= Novi Town Center =

Shopping center

Novi Town Center is an open-air shopping center located at Novi Road and Grand River in Novi, Michigan, United States, in Metro Detroit. Owned by CBRE, the center is on Interstate 96, with the Twelve Oaks Mall on the other side of the road.

==History==
Groundbreaking occurred in 1986, and the center opened in 1987. Patricia Karevich, the mayor of Novi at the time, stated that the opening was the beginning of a downtown for the city. Barbara G. Louie, author of No. VI on the Trail: A History of Novi, Michigan for the Novi Historical Commission, wrote that as a result of the development, "the focal point was drawn again to what was once Novi's main business district."

Trammell Crow developed the 485000 sqft commercial section of the mall along with the Lake Pointe Corporate Center. The commercial and business centers took a 150 acre plot of land. This was one of the Trammell Crow company's two major projects in Michigan at the time.

Historically the complex had an eight-screen movie theater.
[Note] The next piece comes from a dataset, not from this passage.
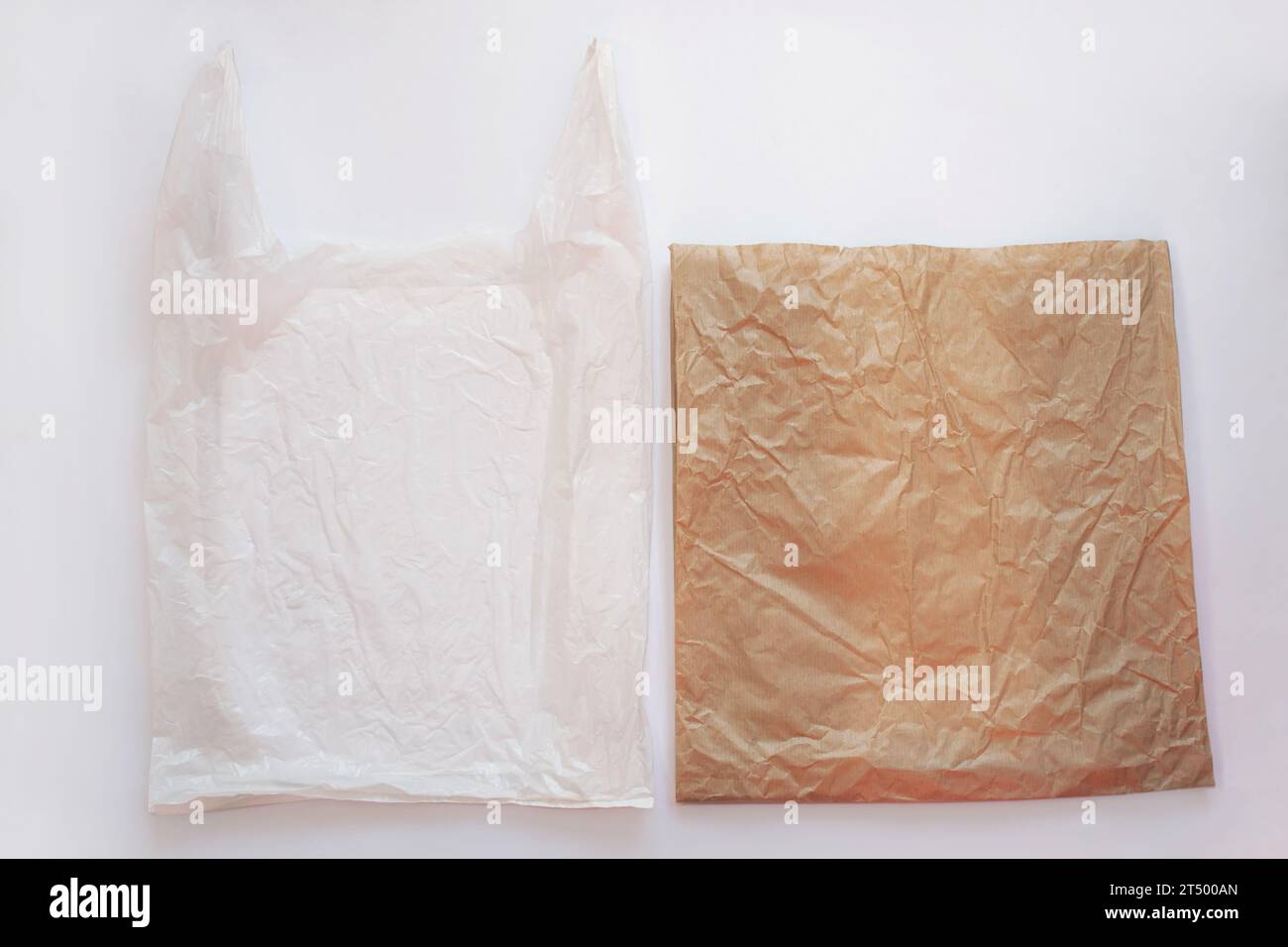 Blank plastic bag vs brown recyclable paper pack. Say no to plastic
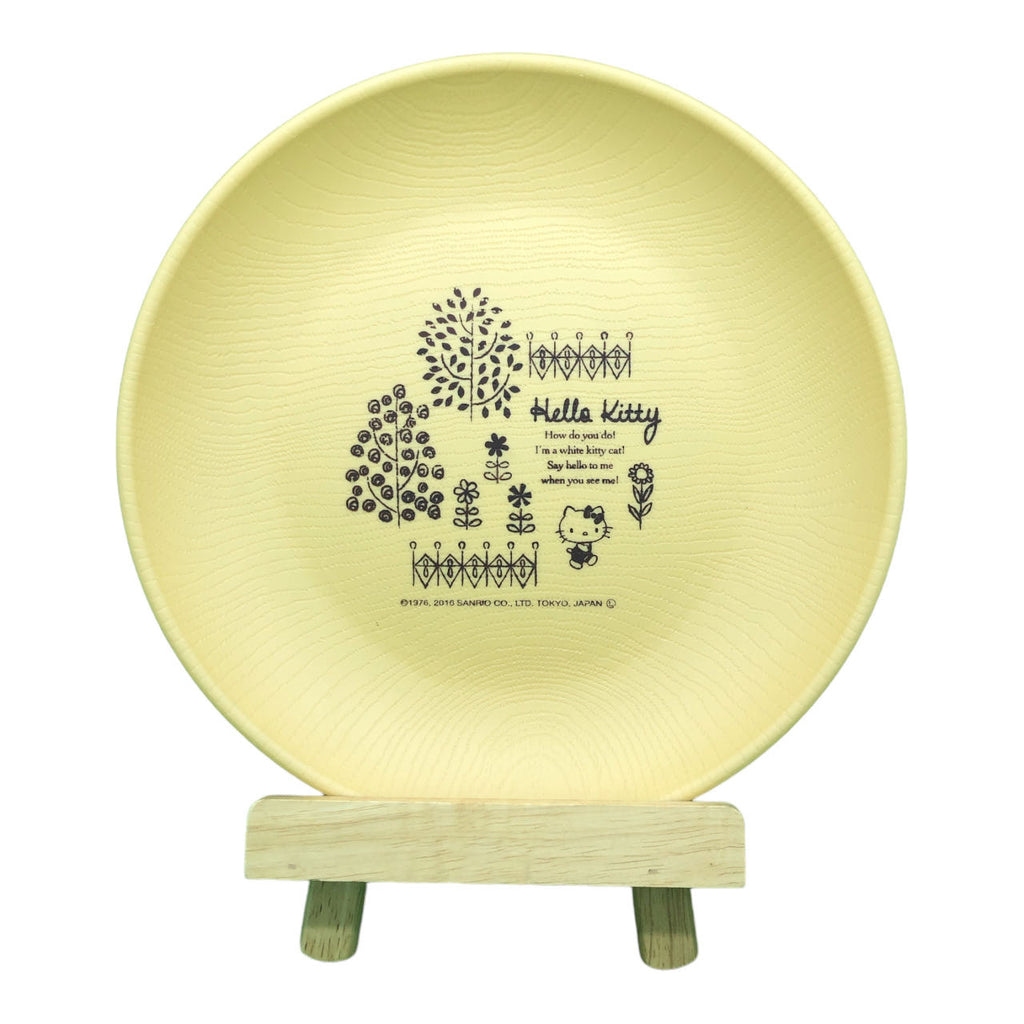 Pale yellow Sanrio Hello Kitty plate with intricate floral and Hello Kitty illustrations, displayed on a wooden stand.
It was managed by the chain Goodrich until the management was given to an Indian couple on December 1, 2005. The couple, Sonali and Rakesh Gangwani, began screening Bollywood and other Indian films on a daily basis there.
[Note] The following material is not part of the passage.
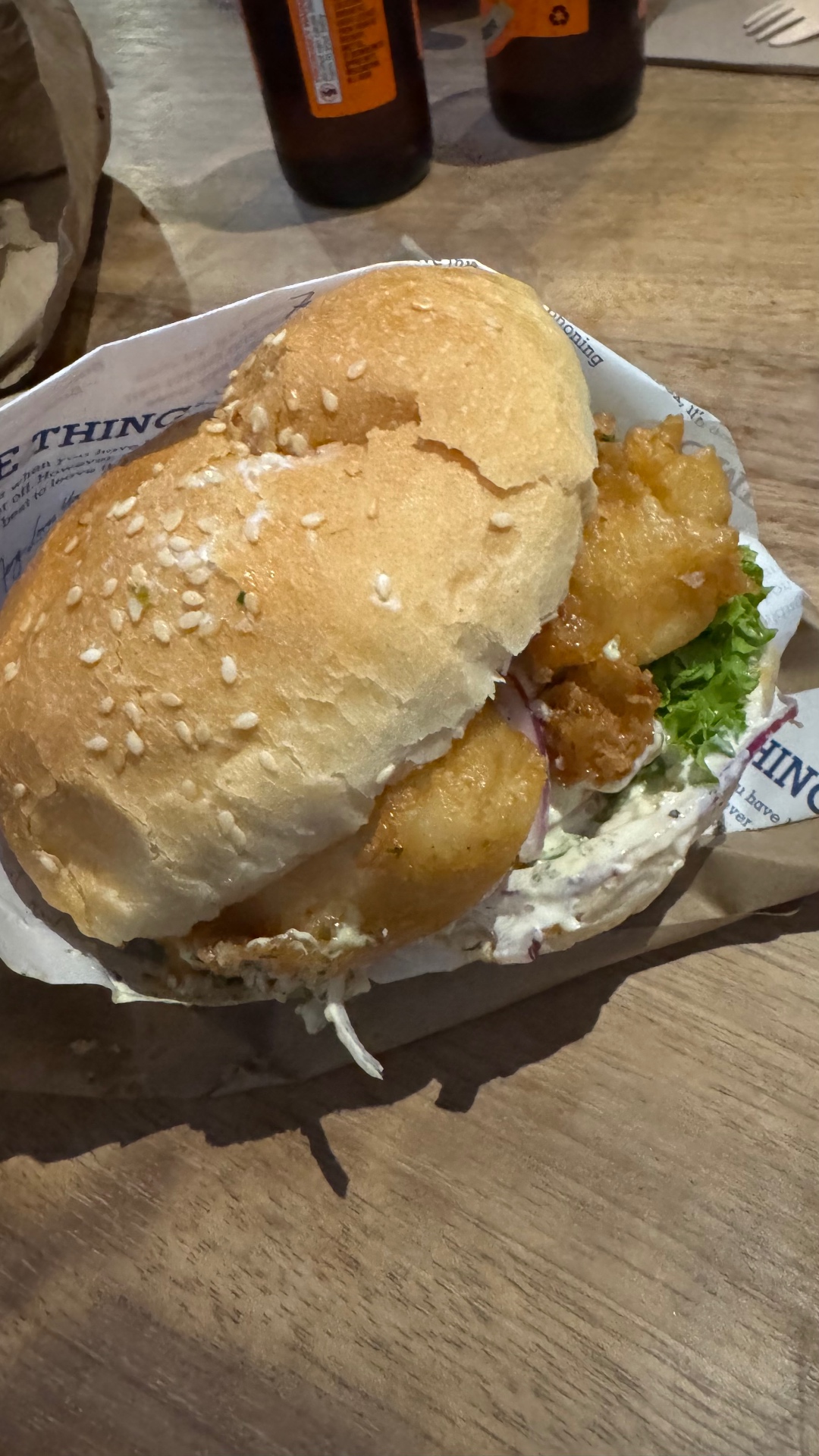 A close-up of a fried chicken burger on a wooden table, with drinks blurred in the background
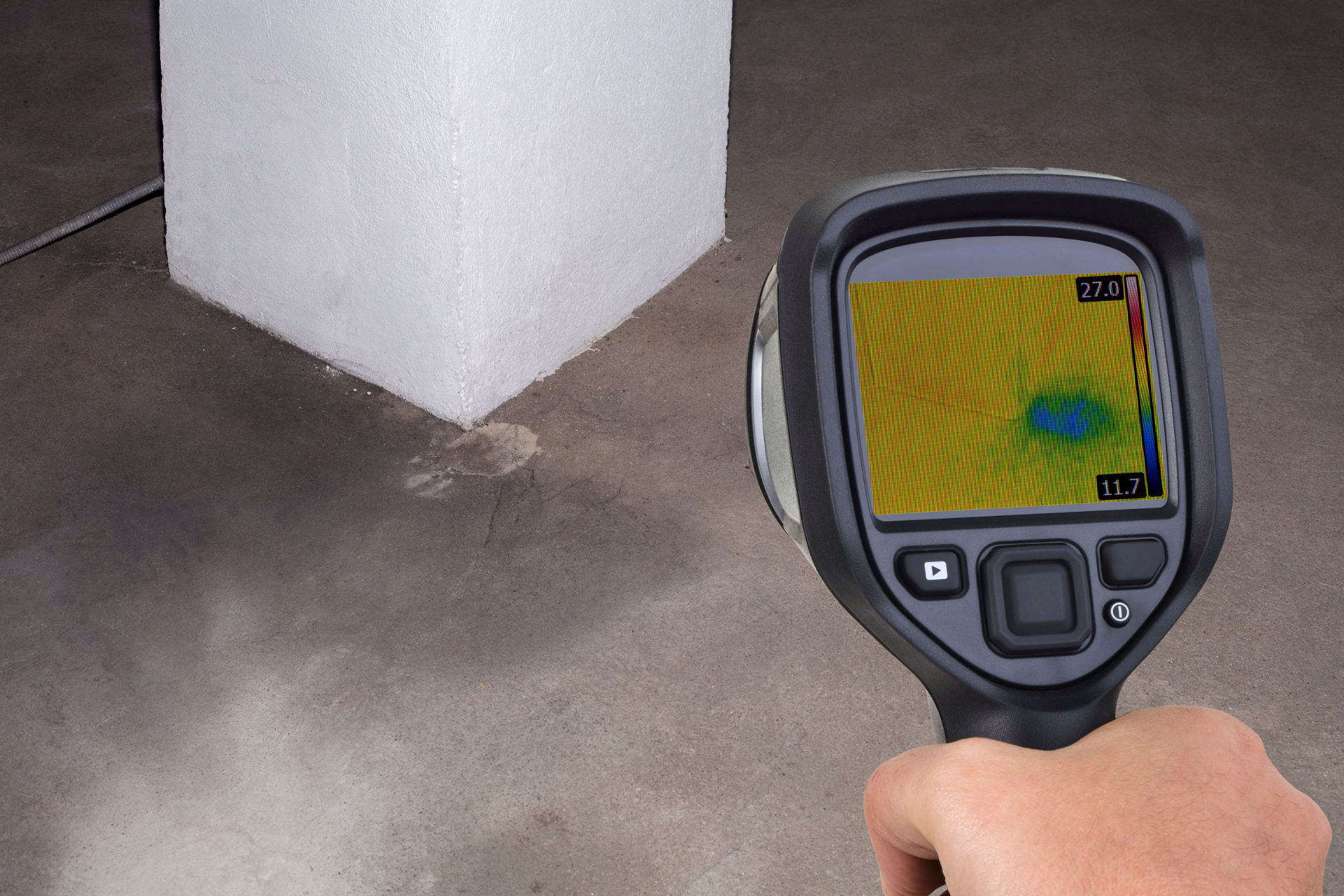 A person is holding a thermal camera in their hand.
The center experienced financial difficulties in a period until 2011 due to the closure of Borders, CompUSA, and Mervyn's. In 2010 its owner at the time, the Chicago firm General Growth Properties, was in Chapter 7 bankruptcy.

Wal-Mart announced that it was considering opening a store on the site of the former Mervyn's at the center. The theater and several other businesses closed in 2010 as part of the redevelopment of Novi Town Center related to the Wal-Mart, and the theater did not reopen. The theater was not a part of the plans for expansion, and because of that, the theater did not pay any rent during its final three years of operation.
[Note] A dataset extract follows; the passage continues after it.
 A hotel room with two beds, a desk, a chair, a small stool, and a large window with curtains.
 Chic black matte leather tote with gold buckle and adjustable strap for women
In 2011 the Novi City Council voted 5–2 to give a special land-use permit to Wal-Mart and 6–1 to a preliminary site plan approval to Wal-Mart; these votes allowed the development of the store to proceed. The Wal-Mart opened in 2012, making it the 86th superstore in Michigan. The Wal-Mart store, on a 12.8 acre lot, takes up 152888 sqft of space. Greta Guest of the Detroit Free Press stated that new retailers planned to open as the Wal-Mart was developed.